Figure 4 Lunar orbiter track and simulation analysis locations.
Figure 5 Single orbiter pointed at Rover 0, other rovers not transmitting.
Figure 4 identifies three hypothetical rover locations to be used in the simulations. The location of Rover 0 is at the proposed location for Lunar Surface Electromagnetics Experiment Night. The location of Rover 1 is at the South Pole at an upcoming planned lunar mission site and the Rover 2 location is on the near side in Mare Crisium.
Figure 5 shows the simulation results for Rover 0 pointed at a single orbiter with no other rovers transmitting. The top subplot shows the carrier-to-noise density over time, the middle subplot shows the data rate over time and the bottom subplot shows the total amount of exfiltration data over time. Figure 6 shows the same data presentation for Rover 1 pointed at a single orbiter with no other rovers transmitting. Figure 7 shows the data presentation for Rover 2 pointed at a single orbiter with no other rovers transmitting.
Figure 6 Single orbiter pointed at Rover 1, other rovers not transmitting.
Figure 7 Single orbiter pointed at Rover 2, other rovers not transmitting.
In this hypothetical comparison, the orbital satellite and the rovers all have consistent and realistic link parameters, such as transmit power and antenna gain. They are kept constant across the data examples to make realistic comparisons. From the data plots, it can be observed that Rover 1 has the lowest exfiltration of the three. That is, Rover 1 can exfiltrate 0.37 Mb/day on average, while Rover 0 is able to exfiltrate almost 10x that, at 3.3 Mb/day and Rover 2 is able to exfiltrate the most, at 12.3 Mb/day.
As the data shows, the location of the lunar lander can have a significant effect on the amount of exfiltration data that can be captured. Note that for some rover locations, the amount of data per pass can change significantly, as in the case of Rover 0. But for some rover locations, a pass is very consistent. This is the case for Rover 1, located at the South Pole. The three hypothetical rover locations used in the simulations and the resulting average exfiltration rates shown in Figures 5 to 7 are summarized in Table 1.
SINGLE ANTENNA POINTING AT THE LUNAR LANDER WITH INTERFERENCE
To illustrate the effect of unintentional co-channel interference, this section considers the case when the orbiter is communicating with Rover 1, but Rover 0 is transmitting in the same band. That is, Rover 0 is causing interference with Rover 1 communicating to the orbiter. This may be the case when Rover 0 is deployed from a country that does not participate in widely accepted spectrum allocations and standards. For example, in this scenario, the country may not have gotten approvals from the National Telecommunications and Information Administration (NTIA).

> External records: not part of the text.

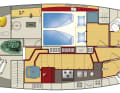 Deux cabines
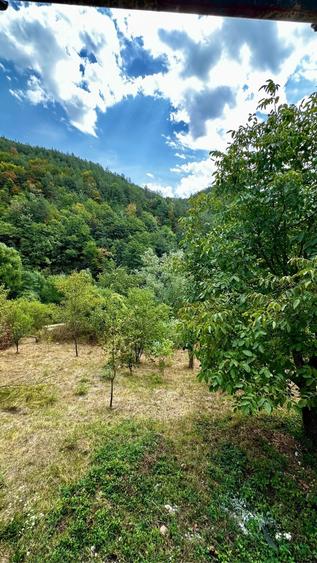 Casă cu Teren 1000 Mp în Podeni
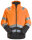 1153 Veste de travail dhiver haute visibilit&eacute; Snickers Classe de signalisation 2/3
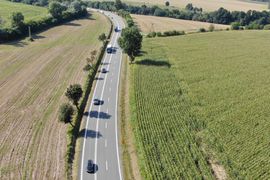 Jest decyzja środowiskowa dla przebiegu trasy S8 od Barda do Ząbkowic Śląskich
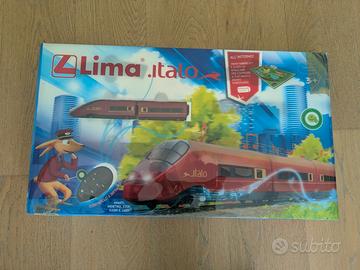 Treno telecomandato per bambini (3+) SET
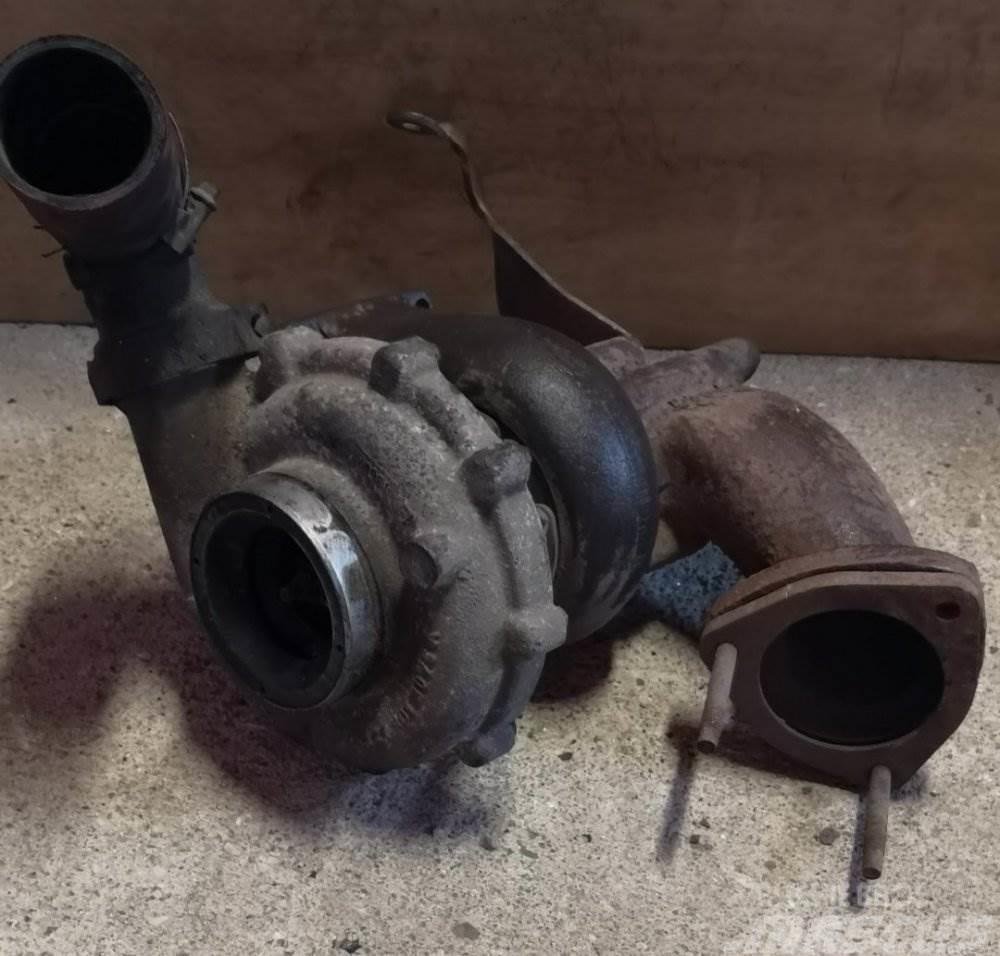 Volvo FL TURBO 53271013075 Other components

Figure 8 Rover 0 interfering with Rover 1 with the orbiter pointed to Rover 1.
In this case, Rover 0 degrades Rover 1’s performance. This is illustrated in Table 2. The instantaneous data rate and carrier-to-noise density are shown in Figure 8. Note that the interference from Rover 0 degrades the performance significantly on some passes and insignificantly on others. The overall performance reduces the exfiltration rate by over 50 percent of the non-interfering exfiltration rate. Specifically, without interference, Rover 0 was able to exfiltrate 0.37 Mb/day, but in the presence of interference, that result gets reduced to 0.18 Mb/day.

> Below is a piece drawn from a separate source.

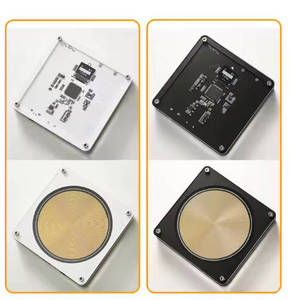 Có thể điều chỉnh 0.01HZ-999.99Hz lượng tử phân tích sóng điện từ Zapper phiên bản schumann sóng Máy phát điện tần số đa dạng - Product Image 3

PHASED ARRAY ANTENNA POINTING AT THE LUNAR LANDER WITH INTERFERENCE
The other interesting result shown in Table 2 is the improvement in the data exfiltration rate when the orbiter has a phased array antenna, even when Rover 0 is interfering with Rover 1. For this application, Vulcan Wireless has developed the S-Band phased array shown in Figure 9. The phased array antenna is a smart antenna that autonomously determines the direction of arrival of both the desired source and the interference. The performance curves for Rover 0 interfering with Rover 1 when the orbiter uses a phased array radar are shown in Figure 10. Comparing the results of Figure 10 with the results of Figure 8, it is clear that the phased array improves the performance by more than an order of magnitude over the single antenna case in the presence of interference. The hardware for the phased array SDR and smart antenna leverages the flight-proven technology of a previous generation of phased array antennas.
Figure 9 Vulcan Wireless S-Band phased array antenna.
Figure 10 Rover 0 interfering with Rover 1 and orbiter using phased array antenna.
CONCLUSION
This article has discussed data exfiltration from the lunar surface back to Earth. It has looked at several cases to illustrate how the data exfiltration rate depends upon the location of the rover relative to the orbiter. A significant degradation in data exfiltration rate has been observed when a second rover is broadcasting its data to a secondary orbiter. However, introducing a phased array antenna on the orbiter increases the gain to the desired user and helps to mitigate the effects of the in-channel interferences. Even in the presence of interference, this architecture has been shown to increase the amount of data exfiltration by a lunar rover by more than an order of magnitude versus the best-case performance of a single antenna with no interference.